Kodi and Jellyfin

Just recently Kodi Matrix (v19) came out. I’m running a Nvidia shield with kodi on it and I’ve set it up to use mysql as the database to store its content. Mainly for multi client support, so all the clients are in sync when it comes to the watch state of video’s for example.

So long, MySQL

When Kodi upgraded, this setup went down with it. No surprise, since MySQL was not officially supported for the longest time (I’m not even sure if it ever was).

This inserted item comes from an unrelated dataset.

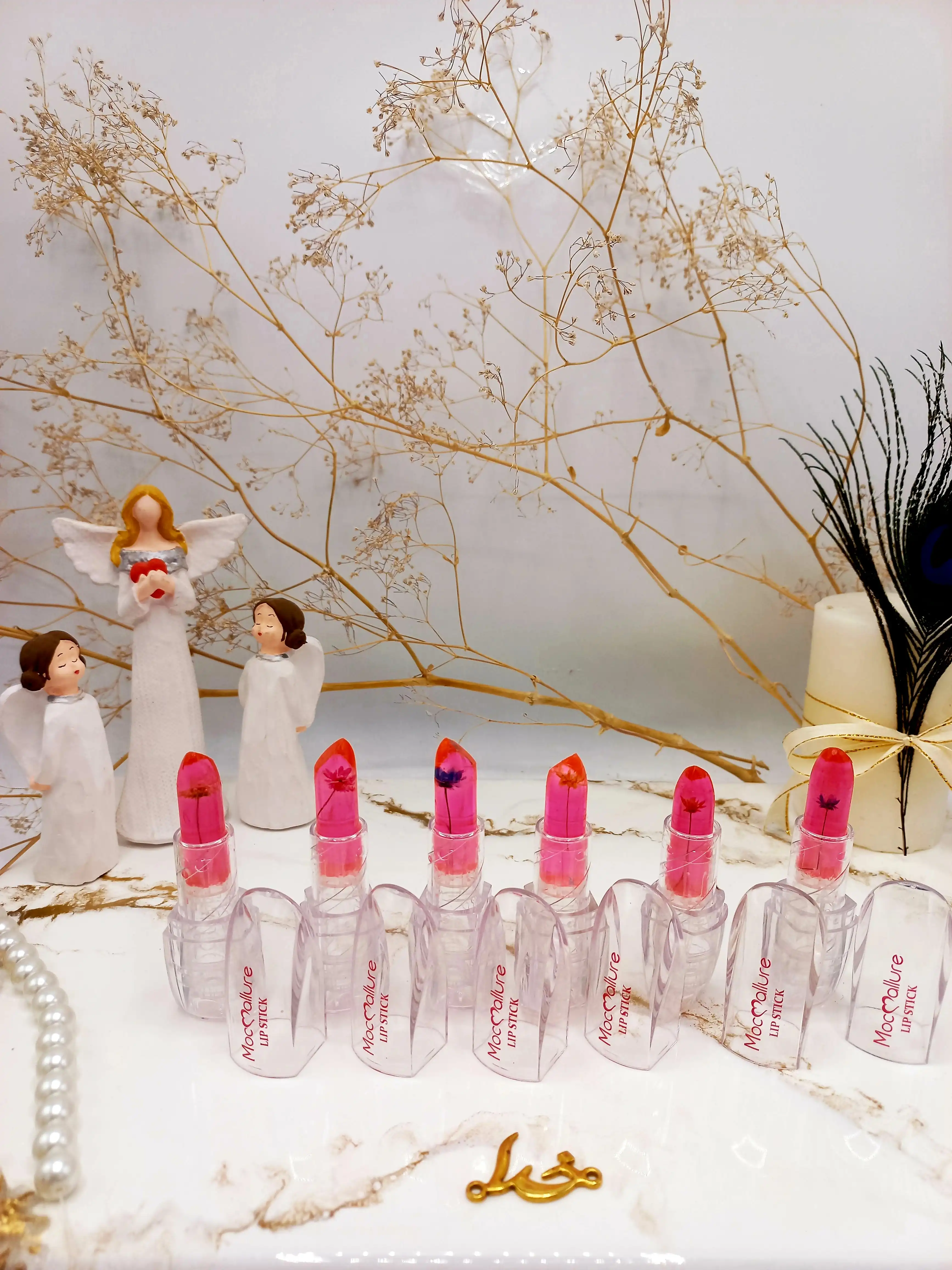 بالم لب حرارتی گل دار موکالره moc allure کد 2225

So it was time to move away from this fragile setup and look for something better to support a multi client solution in Kodi.

Hello Jellyfin

I found Jellyfin some time ago already and thought it looked quite interesting. However I never got around to setting it up, since migrating my data from MySQL would be a fairly impossible task (not really impossible but would take too much of custom coding / scripting).

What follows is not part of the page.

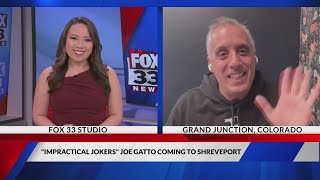 Oneonone with Comedian Joe Gatto ahead of Shreveport tour stop [upl. by Einnaf73]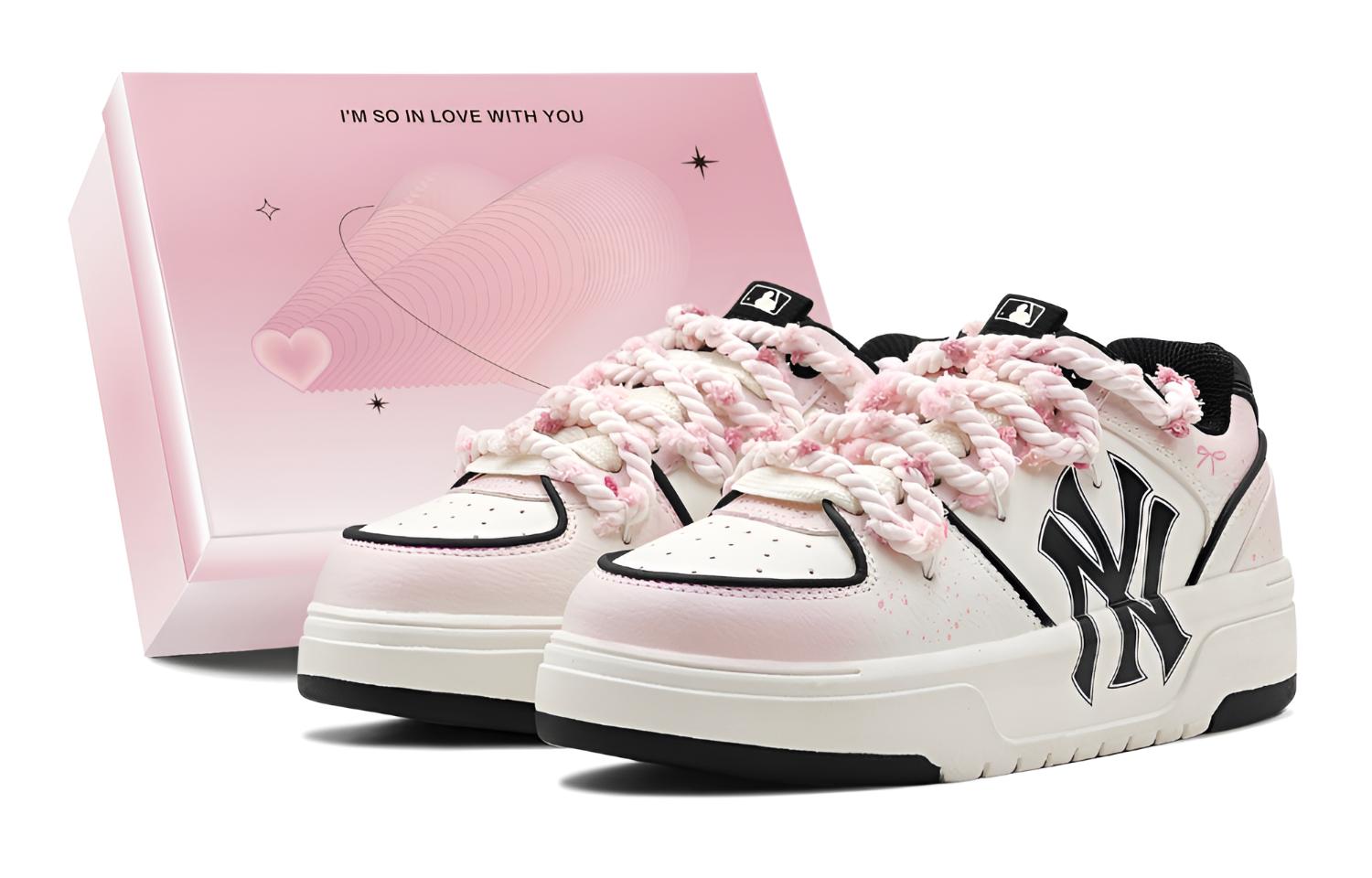 MLB Chunky Liner Romantic Favor, Pink Sakura Star Love, Ambient, Girl Style Low top Skateboard Shoes Unisex Pink White
MLB Chunky Liner Romantic Favor, Pink Sakura Star Love, Ambient, Girl Style Low top Skateboard Shoes Unisex Pink White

So until things really broke down, I put off migration. But now it did break, I had no other option than leaving the (My) SQL data behind and starting from scratch.

Setting things up again

Most of the experience Jellyfin offers is quite seamless and easy. Just installing and configuring things is a breeze.

The only thing to make sure is that, if you don’t want your Kodi clients to always transcode, you have a NFS/SMB share setup (and accessible) for your Jellyfin channels. This way the Kodi plugin can access the media in “native mode” as jellyfin calls it. This just means it streams the original file without transcoding it first.

Some bugs (no it’s not features) might crop up

When setting things up I did run into some minor bugs, especially when it comes to metadata handling.

For example some images would be added as blank/corrupt ones. I noticed this mainly in the music channels I’ve setup.

And ofcourse file matching is always hit and miss. Jellyfin has an identify feature to correct mistakes. This however seems to not work so great yet for the music library. Searching on artist name works, but doing so seems to screw up the albums linked to the artist. As far as I found at least.
Also searching on anything other than the name, like the AudioDB Id, seems to not show any results.

Although these small little bugs I’m pretty happy with this setup. It’s a lot more convenient than the MySQL setup was, since the server now actively watches for new content instead of having the client scrape the server. That speeds up the process quite a bit.